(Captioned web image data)
------------------------------------------------------------------------
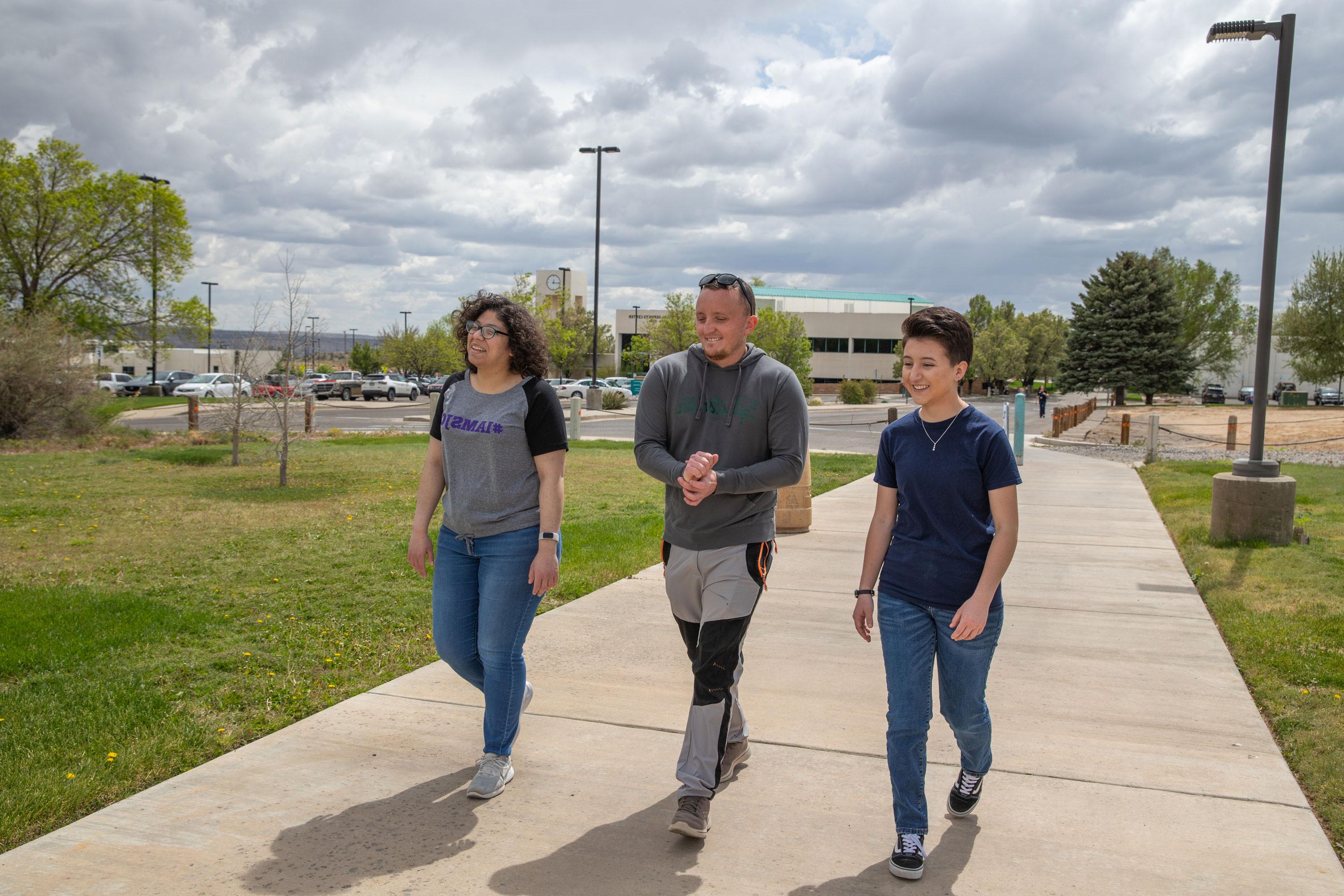 Three students smiling walking across the SJC Campus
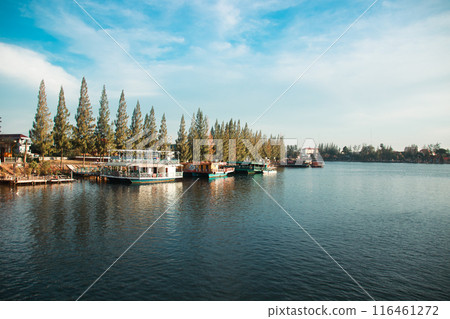 A serene river scene with boats docked by a pier and trees lining the shore under a partly cloudy sky in Kampot, Cambodia A serene river scene with boats docked by a pier and trees lining the shore under a partly cloudy sky in Kampot, Cambodia 116461272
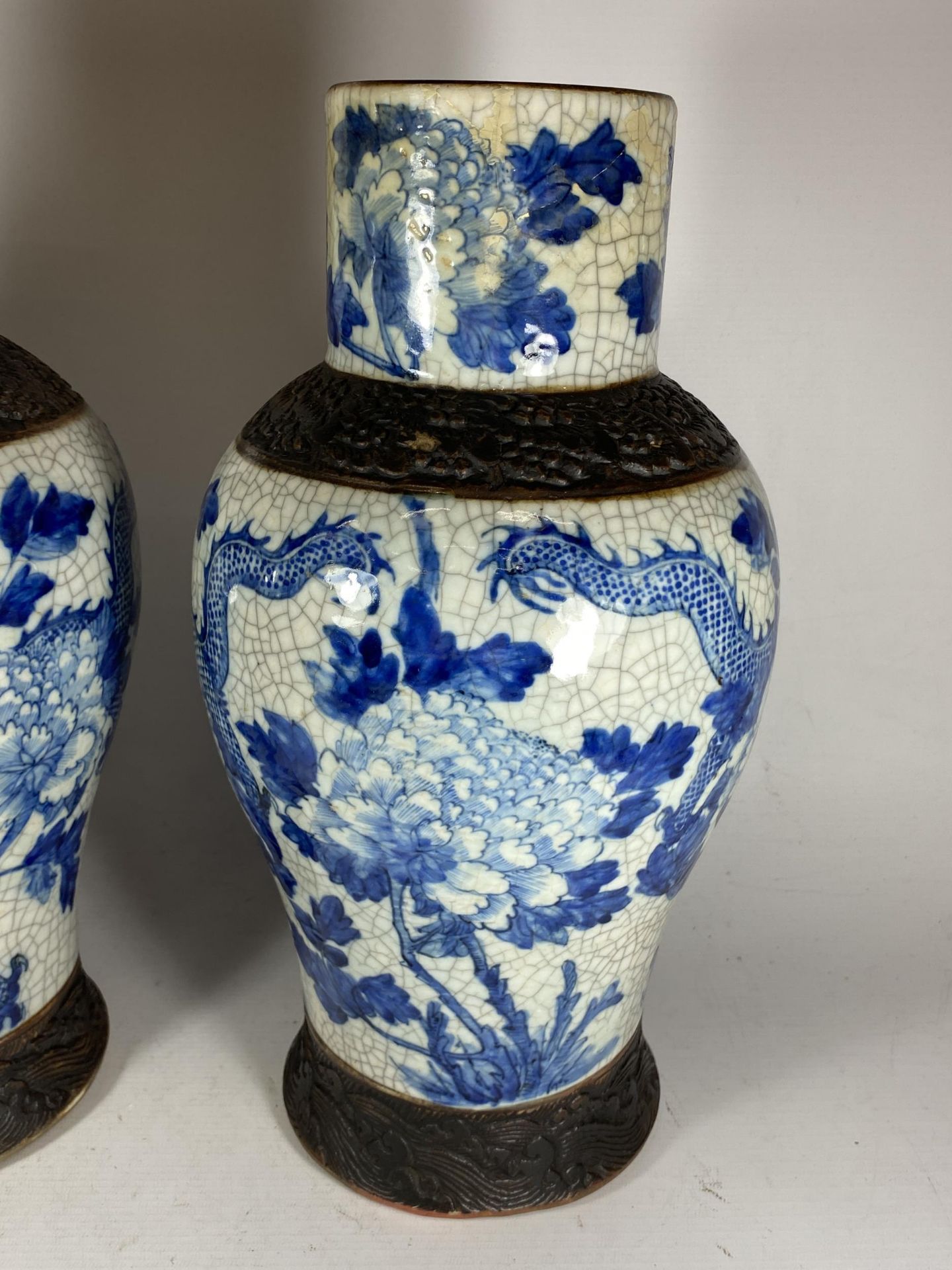 A PAIR OF EARLY 20TH CENTURY CHINESE BLUE AND WHITE CRACKLE GLAZE DRAGON DESIGN VASES, A/F, HEIGHT - Image 10 of 13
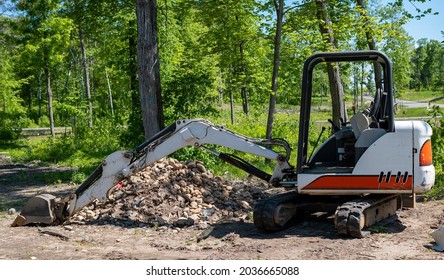 A Mini Excavator On Dirt Near A Pile Of Rocks At A New Home Construction Lot.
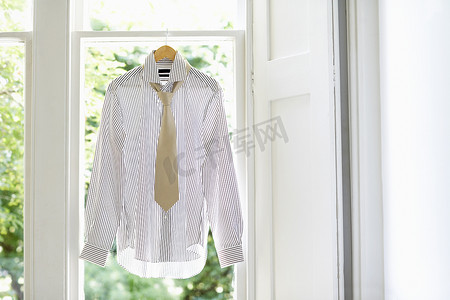 国内窗户衣架上的礼服衬衫和领带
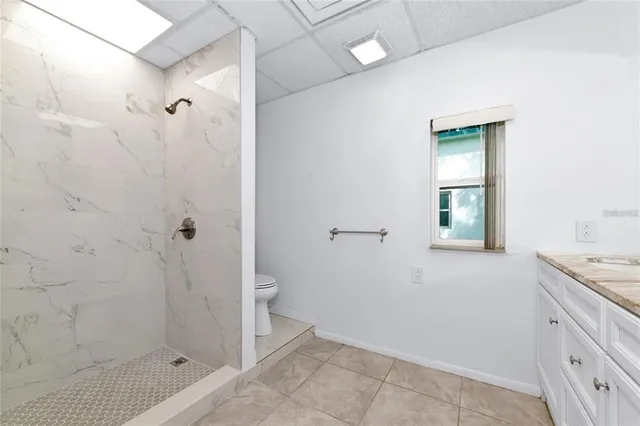 a bathroom with a granite countertop sink a toilet and shower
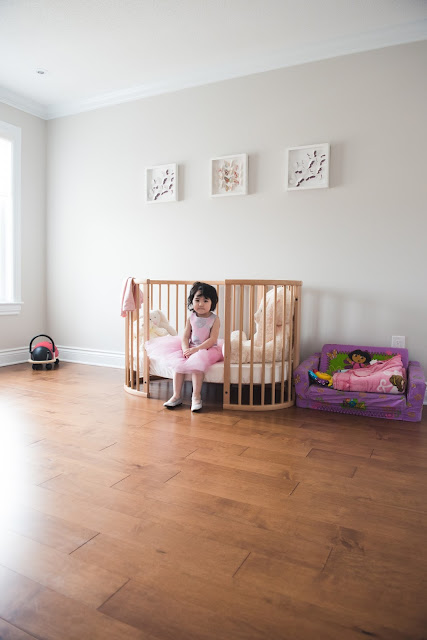 Photo of little girl sitting in her bed in her room waiting for the party to begin. Photo taken by Melanie Mathieu Photography during lifestyle photography session.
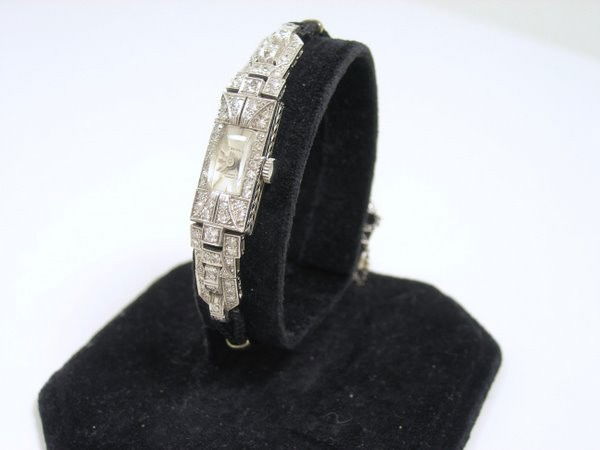 PLATINUM ART DECO DIAMOND WATCH: CIRCA 1930'S SET WITH APPROX. 1.25CT EUROPEAN CUT H-I COLOR SI QUALITY DIAMONDS TWT 15.2 GRAMS WITH NYLON STRAP APPROX. 2.25" LONG X .33" WIDE DIAL SIGNED BELVIL 17 JEWEL INCABLOC MOVEMENT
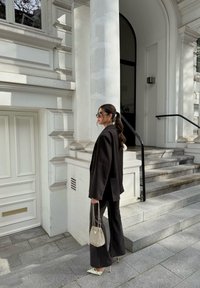 Zwarte oversized blazer en uitlopende broek, crèmekleurige stilettodollars, en een kleine zilveren handtas, staand op grijze stenen trappen tegen een witte architectuur.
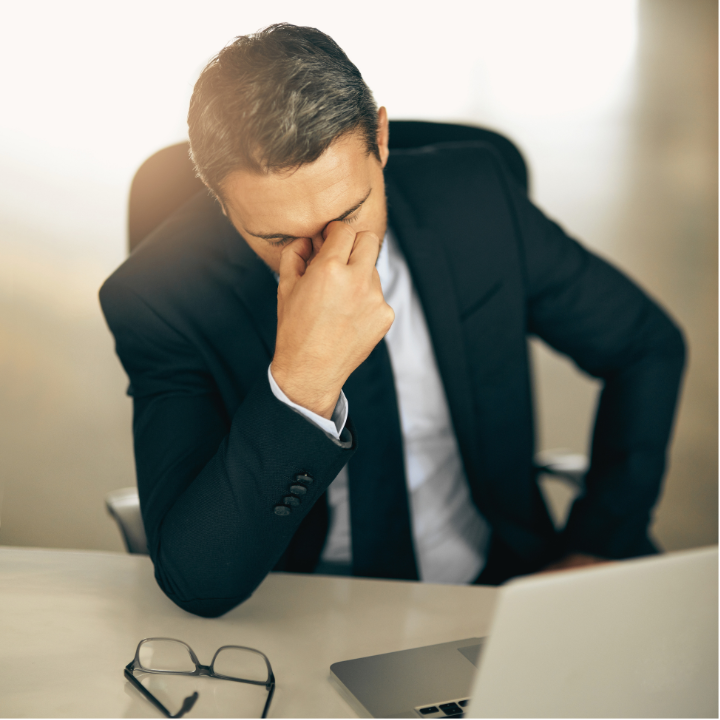 Man looking stressed at laptop after missing RRSP deadline in Canada.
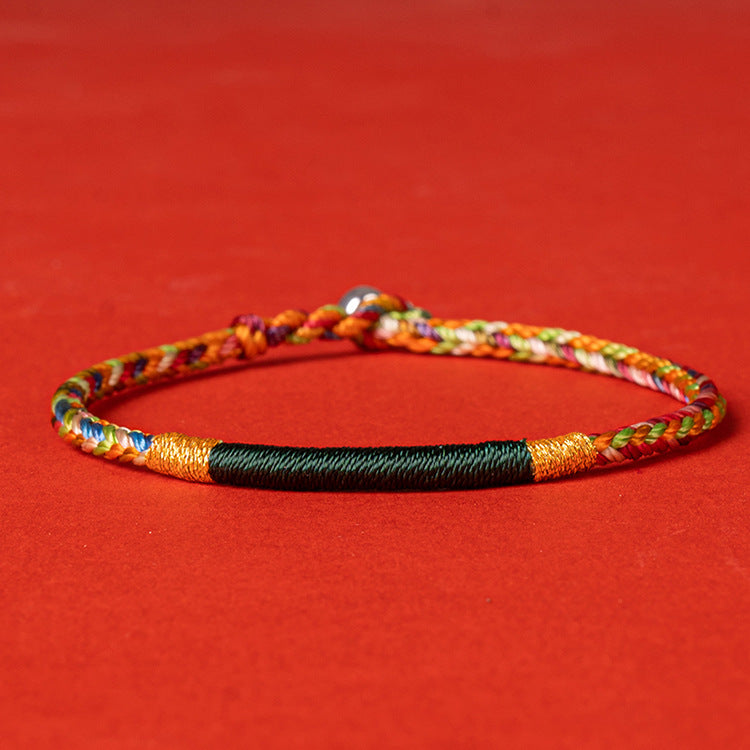 Close up of a multicolored hand-woven bracelet on a red background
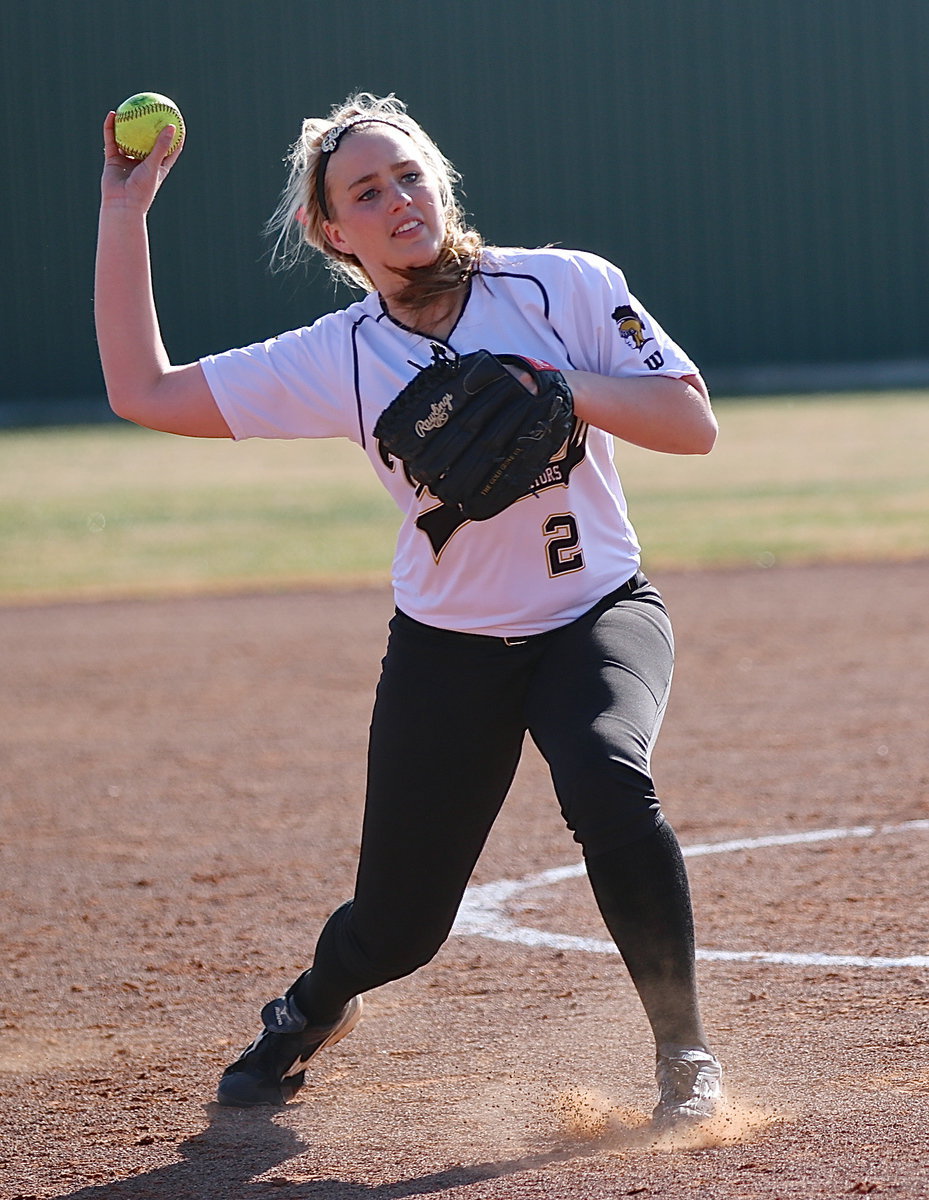 Image: Madison Washington(2) fields a grounder and then throws home for the out.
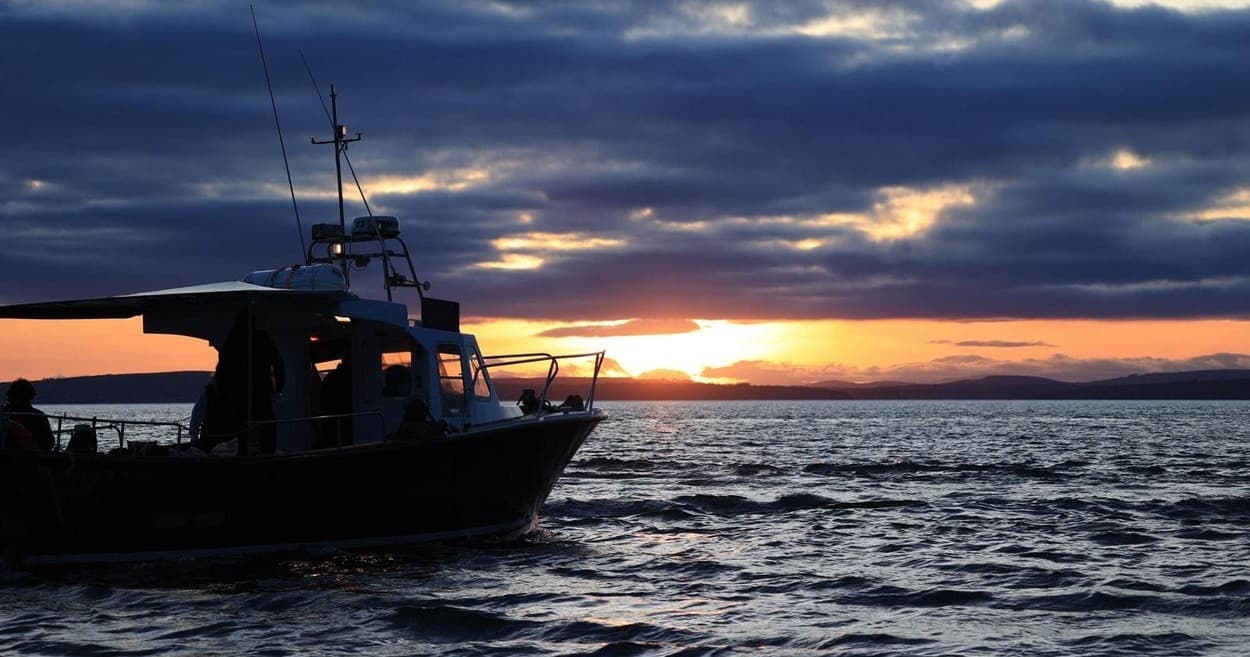Sunset boat silhouette on open ocean, evening fishing excursion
------------------------------------------------------------------------
#### Exercise goal
Pictures must not appear in the copy, and every record must be restated word for word.

#### Result
 Three students smiling walking across the SJC Campus
 A serene river scene with boats docked by a pier and trees lining the shore under a partly cloudy sky in Kampot, Cambodia A serene river scene with boats docked by a pier and trees lining the shore under a partly cloudy sky in Kampot, Cambodia 116461272
 A PAIR OF EARLY 20TH CENTURY CHINESE BLUE AND WHITE CRACKLE GLAZE DRAGON DESIGN VASES, A/F, HEIGHT - Image 10 of 13
 A Mini Excavator On Dirt Near A Pile Of Rocks At A New Home Construction Lot.
 国内窗户衣架上的礼服衬衫和领带
 a bathroom with a granite countertop sink a toilet and shower
 Photo of little girl sitting in her bed in her room waiting for the party to begin. Photo taken by Melanie Mathieu Photography during lifestyle photography session.
 PLATINUM ART DECO DIAMOND WATCH: CIRCA 1930'S SET WITH APPROX. 1.25CT EUROPEAN CUT H-I COLOR SI QUALITY DIAMONDS TWT 15.2 GRAMS WITH NYLON STRAP APPROX. 2.25" LONG X .33" WIDE DIAL SIGNED BELVIL 17 JEWEL INCABLOC MOVEMENT
 Zwarte oversized blazer en uitlopende broek, crèmekleurige stilettodollars, en een kleine zilveren handtas, staand op grijze stenen trappen tegen een witte architectuur.
 Man looking stressed at laptop after missing RRSP deadline in Canada.
 Close up of a multicolored hand-woven bracelet on a red background
 Image: Madison Washington(2) fields a grounder and then throws home for the out.
Sunset boat silhouette on open ocean, evening fishing excursion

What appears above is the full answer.